The background process is:
a/b + a/b + a/b + a/b + ... for X times which basically is a/b * X.
Good reasoning?

Another important point is that you are both finding the multiplication of a/b for X times and finding an [a/b]th of X.

However this cannot be applied when multiplying 2 fractions because the natural way of multiplication (addition for X times) doesn't make sense with 2 fractions. What does multiplication do then?

6. Aug 29, 2006

### Staff: Mentor

I don't understand your confusion. Multiplication and division and fractions are very straightforward. What exactly is your question? Can you give a concrete example of a situation that confuses you?

7. Aug 29, 2006

### mtanti

You see, mathematics is a subject which it taught terribly. You only start to learn it properly at university level. I want to know what happens when you multiply 2 fractions together. The bare facts, not just the rules to multiply, what are you finding? A fraction of a fraction, but why is that so?

8. Aug 29, 2006

### Staff: Mentor

Yeah, a fraction of a fraction. Think of the example of a pie chart (or the pizza example earlier). First you take half of the whole by multiplying 1/1 by 1/2. Then you can take half of what remains by multiplying 1/2 by 1/2 to get 1/4. Then you could get back to the whole again by multiplying 1/4 by 4/1 (4). Don't get too hung up on this. What other math subjects are you studying now?

9. Aug 29, 2006

### Swapnil

It seems to me that you are asking very philosophical questions. The question you are asking alludes to the fact that do all the mathematical operations need to have a "physical meaning" in one way or the other.

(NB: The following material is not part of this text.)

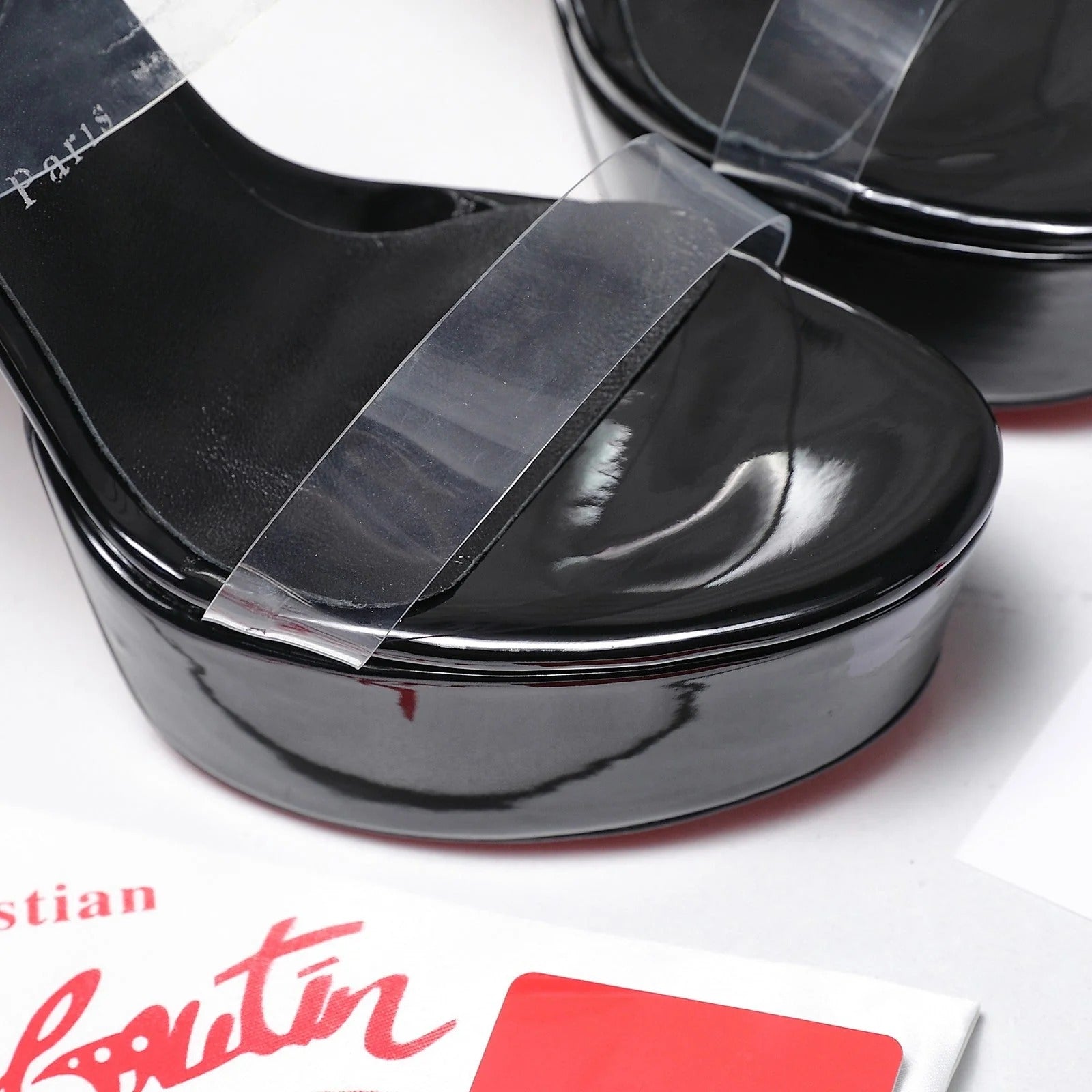 CL 2026 Platform Mule Patent PVC Film Leather 864009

This is a very deep philosophical question. I think a college-level course in Philosophy of Mathematics would be the best for a person of such an intellect like yourself (that is if you are interested and your college offers such a course :tongue: ).

Personally, if I go from one mathematical equation to another using rules of aritmetic, algebra, trignometry, calculus, etc to another form, I don't worry about if the operations that I am doing have a physical meaning at EACH step. As long as the starting step and the ending step have a physical meaning, I am satisfied.

10. Aug 29, 2006

### mtanti

Thanks for the compliment Swapnil, if it was a compliment that is... But yeah I believe that mathematics must be taught that way, knowing exactly what you are doing before doing it if you are to understand the subject. I didn't understand what LCM was until recently and I've been using it for years!

The only mathematics which is purely practicle is the natural number mathematics... As soon as you get negatives it starts getting wierd and when you use real numbers it gets worse. When you learn complex numbers you're just plain lost!

OK, but that still doesn't explain what is happening during the 1/2 * 1/2 process... You are adding a 1/2 by itself for 1/2 a time. Wierd statement I say. Can anyone help out?

11. Aug 30, 2006

### uart

What's wrong with simply considering multiplication as meaning "lots of", that's how I teach it to under 10 year olds. 4 x 2 means 4 lots of 2, 1/2 x 1/2 means one half a lot of one half. Come on, its as easy as falling off a log.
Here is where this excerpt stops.